South Africa has a well regulated business sector when it comes to competition practices as a result of the Competition Act 89 of 1998. Due to this act, companies are allowed to compete with one another in a healthy market atmosphere – and with healthy competition in place, companies are challenged to be less complacent and more creative in order to retain their slice of the market. The competition practices laid out in the Competition Act are in line with international standards, and works in tandem with the free market principles that our economic system is based on, while still keeping a controlled lid on competition. Interesting fact but South Africa actually ranked 8th out of 148 countries in 2013 to 2014 for competition law!
But what does this all mean? Well, the act established an entity called the Competition Commission, who is responsible for implementing the provisions in the act. The act has seen many amendments since its inception, the most recent taking place in February 2019. It also established the Competition Tribunal and Competition Appeal Court, and the main aim of the act is to prevent anti-competitive conduct in the industry.

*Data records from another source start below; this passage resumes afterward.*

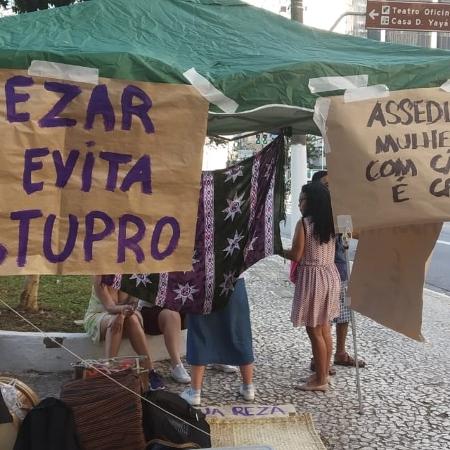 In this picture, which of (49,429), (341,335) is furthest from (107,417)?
(341,335)

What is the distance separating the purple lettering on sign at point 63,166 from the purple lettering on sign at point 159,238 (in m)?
0.43

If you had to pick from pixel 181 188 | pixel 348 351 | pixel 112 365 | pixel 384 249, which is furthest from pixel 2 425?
pixel 348 351

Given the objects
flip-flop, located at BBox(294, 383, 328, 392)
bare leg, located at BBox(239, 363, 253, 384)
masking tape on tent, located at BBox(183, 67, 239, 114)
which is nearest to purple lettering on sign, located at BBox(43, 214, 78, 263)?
masking tape on tent, located at BBox(183, 67, 239, 114)

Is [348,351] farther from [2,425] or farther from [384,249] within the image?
[2,425]

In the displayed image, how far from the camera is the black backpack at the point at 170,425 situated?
3.05m

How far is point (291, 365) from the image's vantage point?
203 inches

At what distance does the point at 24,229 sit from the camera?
2383 millimetres

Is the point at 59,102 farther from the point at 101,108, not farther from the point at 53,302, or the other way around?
the point at 53,302

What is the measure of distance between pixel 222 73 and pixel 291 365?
10.9ft

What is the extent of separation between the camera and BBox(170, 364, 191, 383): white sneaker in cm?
464

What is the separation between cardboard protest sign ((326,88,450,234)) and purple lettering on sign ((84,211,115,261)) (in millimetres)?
1027

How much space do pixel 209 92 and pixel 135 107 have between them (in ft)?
1.06

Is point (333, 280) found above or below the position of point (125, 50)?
below

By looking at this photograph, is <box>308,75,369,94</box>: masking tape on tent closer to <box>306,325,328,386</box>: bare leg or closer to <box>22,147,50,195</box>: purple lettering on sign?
<box>22,147,50,195</box>: purple lettering on sign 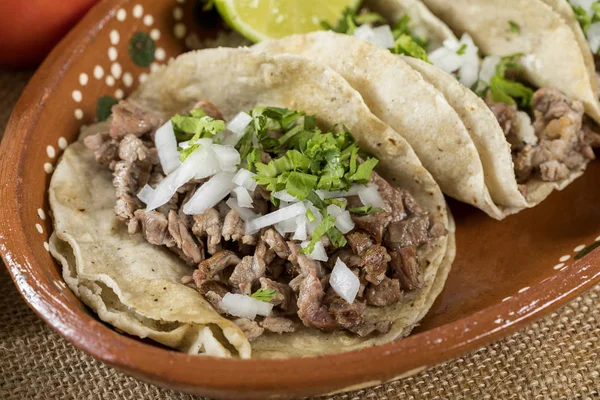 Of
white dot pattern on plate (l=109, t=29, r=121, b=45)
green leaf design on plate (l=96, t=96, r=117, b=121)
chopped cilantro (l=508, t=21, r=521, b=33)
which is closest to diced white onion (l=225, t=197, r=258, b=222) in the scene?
green leaf design on plate (l=96, t=96, r=117, b=121)

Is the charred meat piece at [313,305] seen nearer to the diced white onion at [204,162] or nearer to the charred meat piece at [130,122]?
the diced white onion at [204,162]

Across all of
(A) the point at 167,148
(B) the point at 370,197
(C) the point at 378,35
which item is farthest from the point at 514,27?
(A) the point at 167,148

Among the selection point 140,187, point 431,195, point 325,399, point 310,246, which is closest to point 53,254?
point 140,187

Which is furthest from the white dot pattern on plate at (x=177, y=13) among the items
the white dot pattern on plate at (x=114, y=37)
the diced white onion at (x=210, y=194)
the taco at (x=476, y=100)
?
the diced white onion at (x=210, y=194)

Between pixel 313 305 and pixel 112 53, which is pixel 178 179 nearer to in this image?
pixel 313 305

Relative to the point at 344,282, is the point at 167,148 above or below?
above

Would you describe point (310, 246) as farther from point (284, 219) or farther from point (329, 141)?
point (329, 141)

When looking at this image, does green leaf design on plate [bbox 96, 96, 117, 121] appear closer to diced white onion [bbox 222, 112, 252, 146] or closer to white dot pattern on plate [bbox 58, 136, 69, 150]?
white dot pattern on plate [bbox 58, 136, 69, 150] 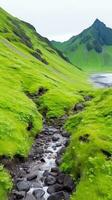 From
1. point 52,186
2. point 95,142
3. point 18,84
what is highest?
point 18,84

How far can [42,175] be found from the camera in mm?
46469

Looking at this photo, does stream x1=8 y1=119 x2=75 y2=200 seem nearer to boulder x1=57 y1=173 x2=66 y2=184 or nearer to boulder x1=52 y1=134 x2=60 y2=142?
boulder x1=57 y1=173 x2=66 y2=184

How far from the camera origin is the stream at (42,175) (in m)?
40.8

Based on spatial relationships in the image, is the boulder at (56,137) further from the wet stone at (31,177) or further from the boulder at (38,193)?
the boulder at (38,193)

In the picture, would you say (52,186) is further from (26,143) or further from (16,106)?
(16,106)

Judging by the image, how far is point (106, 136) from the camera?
49.8m

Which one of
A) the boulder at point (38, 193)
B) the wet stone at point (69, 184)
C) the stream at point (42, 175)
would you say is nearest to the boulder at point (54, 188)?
the stream at point (42, 175)

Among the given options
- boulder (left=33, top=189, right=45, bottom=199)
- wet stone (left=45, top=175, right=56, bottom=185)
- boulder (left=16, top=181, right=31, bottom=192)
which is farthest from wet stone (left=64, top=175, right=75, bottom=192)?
boulder (left=16, top=181, right=31, bottom=192)

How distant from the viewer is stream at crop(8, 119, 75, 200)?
40.8 m

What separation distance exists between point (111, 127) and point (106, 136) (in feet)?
16.8

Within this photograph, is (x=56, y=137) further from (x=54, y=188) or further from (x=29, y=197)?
(x=29, y=197)

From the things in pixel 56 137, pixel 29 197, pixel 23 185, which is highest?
pixel 56 137

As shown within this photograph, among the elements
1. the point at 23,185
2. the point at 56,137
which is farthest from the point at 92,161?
the point at 56,137

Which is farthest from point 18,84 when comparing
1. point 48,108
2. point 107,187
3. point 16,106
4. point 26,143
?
point 107,187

So what constitutes anti-competitive behaviour? Let’s lay out a few examples below:
Restrictive horizontal and vertical practices
In the horizontal sense a restrictive practice occurs when two competing companies come to an agreement to lessen the competition in the market. For example, when two bread companies agree to sell their bread for the same price, at a lower price than their competitors who are not in on the gig (this is called price fixing). Other practices under this heading also include:
- Collusive tendering
- A division of the market through allocating customers
In the restrictive sense, the prohibited action occurs between a company and its suppliers. So using our bread example above, it could be an agreement between the bread bakers and the company making the flour for the bread to settle on a minimum resale price. This creates a trading condition that goes against the provisions of the Competition Act.
Abuse of a dominant position
In this case, a dominant company (one with the biggest market share) may use that position to set prices and exclude the competition from certain actions. This is clearly anti-competitive behaviour and gets in the way of smaller business getting a slice of the market.
Horizontal and vertical mergers
Mergers may often be used as a means to get around anti-competition legislation, as a company cannot be accused of collusion if it owns the competition. Therefore mergers and acquisitions must be investigated by the Competition Commission in order to protect the interests of consumers. If prices go unregulated, and no competition exists to curb these prices, the market will become too expensive for consumers.
Of course, the act covers far more than just price fixing and collusion, it also oversees social objectives such as BEE, employee rights and the rights of smaller business.
So, what happens if a company is found to be engaging in anti-competition practises? Well once the Competition Commission confirms their investigation, the matter is referred to the Competition Tribunal and thereafter the Competition Appeal Court, where prosecution can take place.